(Beginning of PROVIDED DATA)

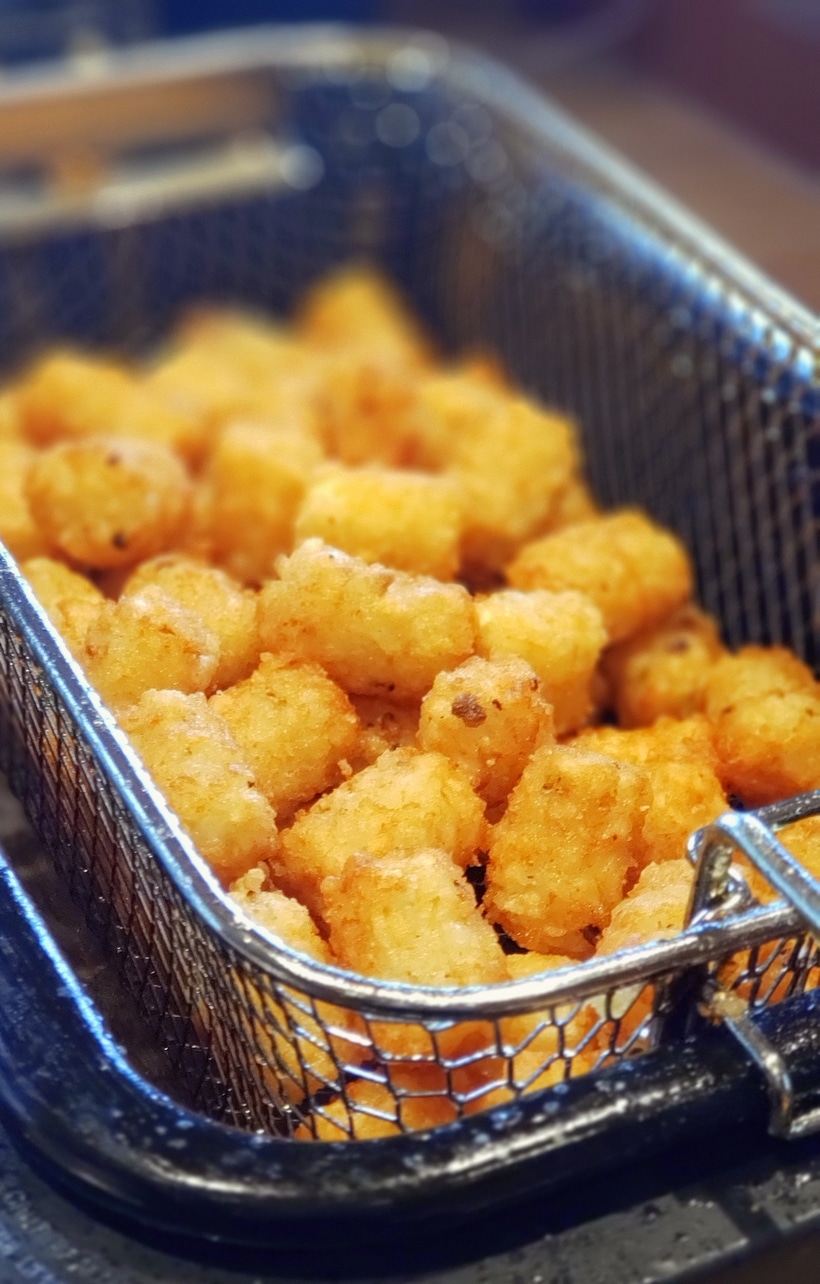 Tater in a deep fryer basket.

(End of PROVIDED DATA)
(Beginning of PROVIDED DATA)

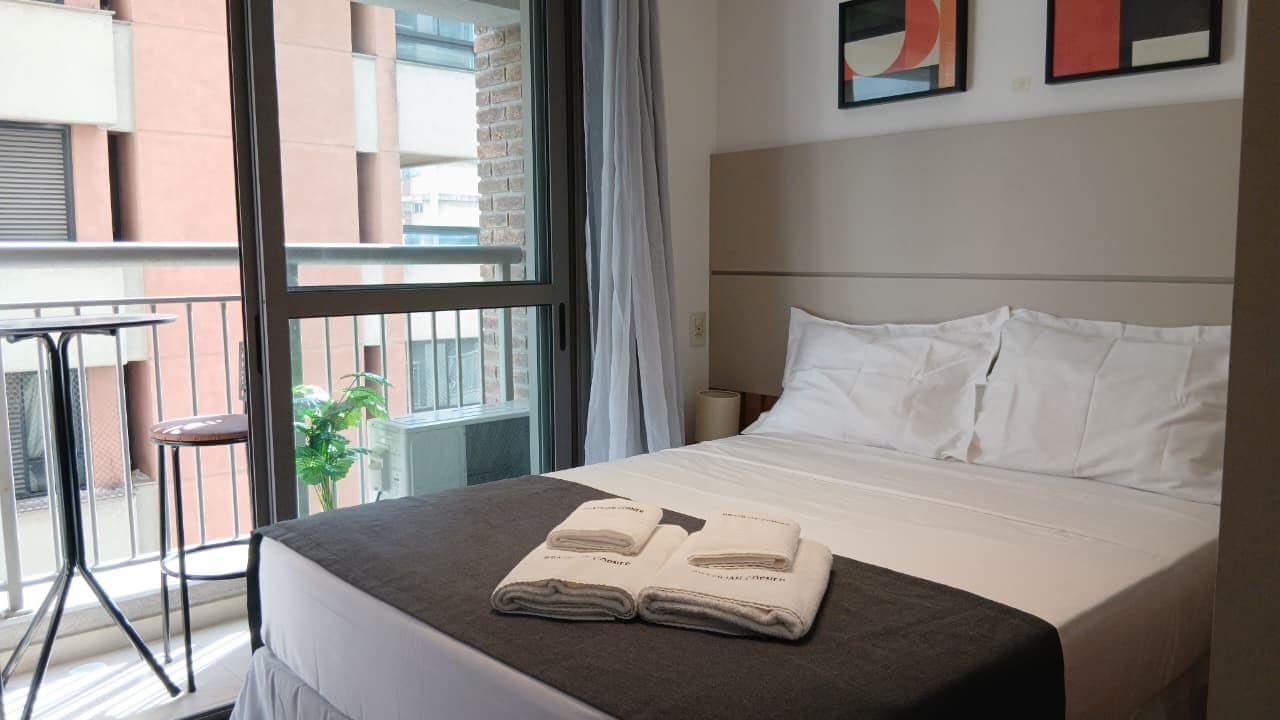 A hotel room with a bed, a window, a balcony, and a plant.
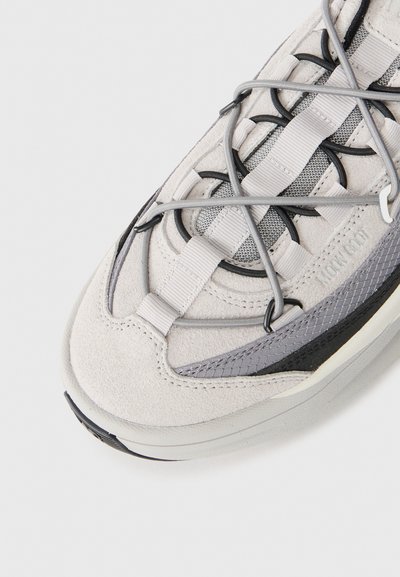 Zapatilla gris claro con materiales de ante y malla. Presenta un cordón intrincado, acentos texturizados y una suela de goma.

(End of PROVIDED DATA)
(Beginning of PROVIDED DATA)

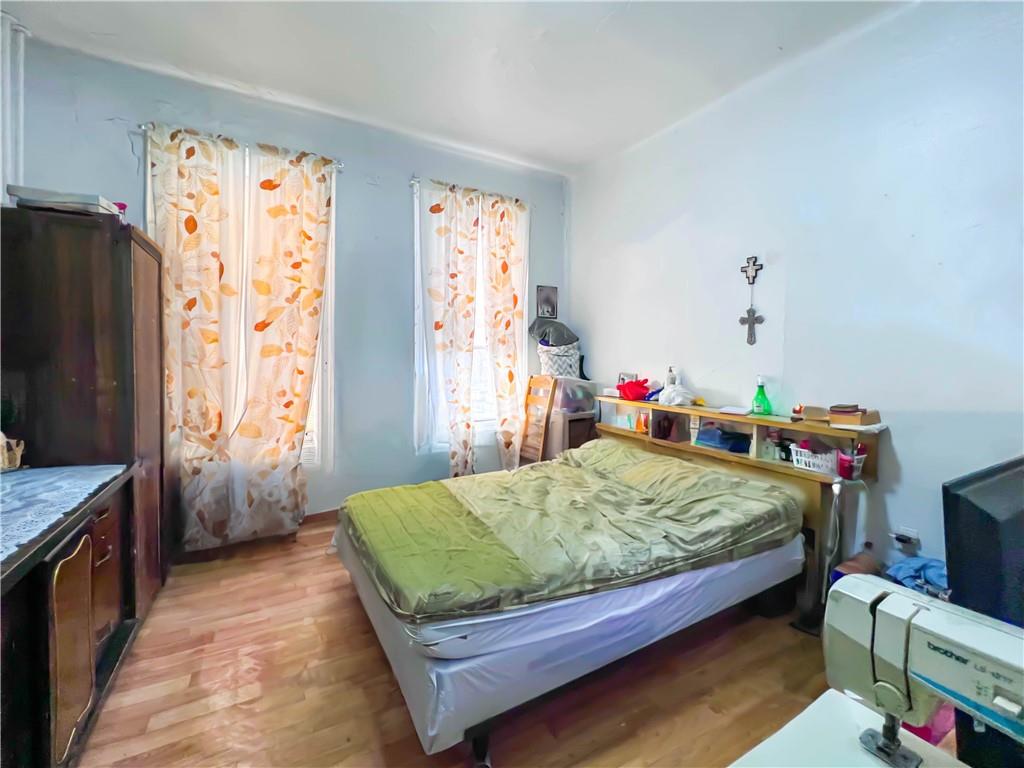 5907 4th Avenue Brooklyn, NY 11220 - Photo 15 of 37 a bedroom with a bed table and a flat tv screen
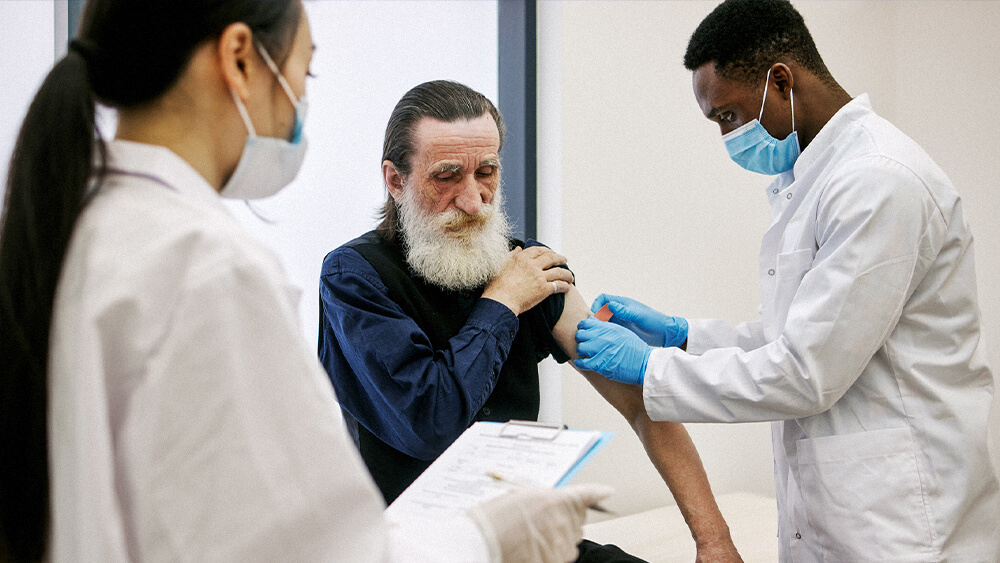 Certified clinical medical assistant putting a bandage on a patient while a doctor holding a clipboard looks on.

(End of PROVIDED DATA)

WHAT NEEDS TO BE DONE
From the records above, transcribe exactly the lines starting at the one containing "5907 4th Avenue" and ending at the one containing "Certified clinical medical". Skip the pictures.

ANSWER TO THIS TASK
 5907 4th Avenue Brooklyn, NY 11220 - Photo 15 of 37 a bedroom with a bed table and a flat tv screen
 Certified clinical medical assistant putting a bandage on a patient while a doctor holding a clipboard looks on.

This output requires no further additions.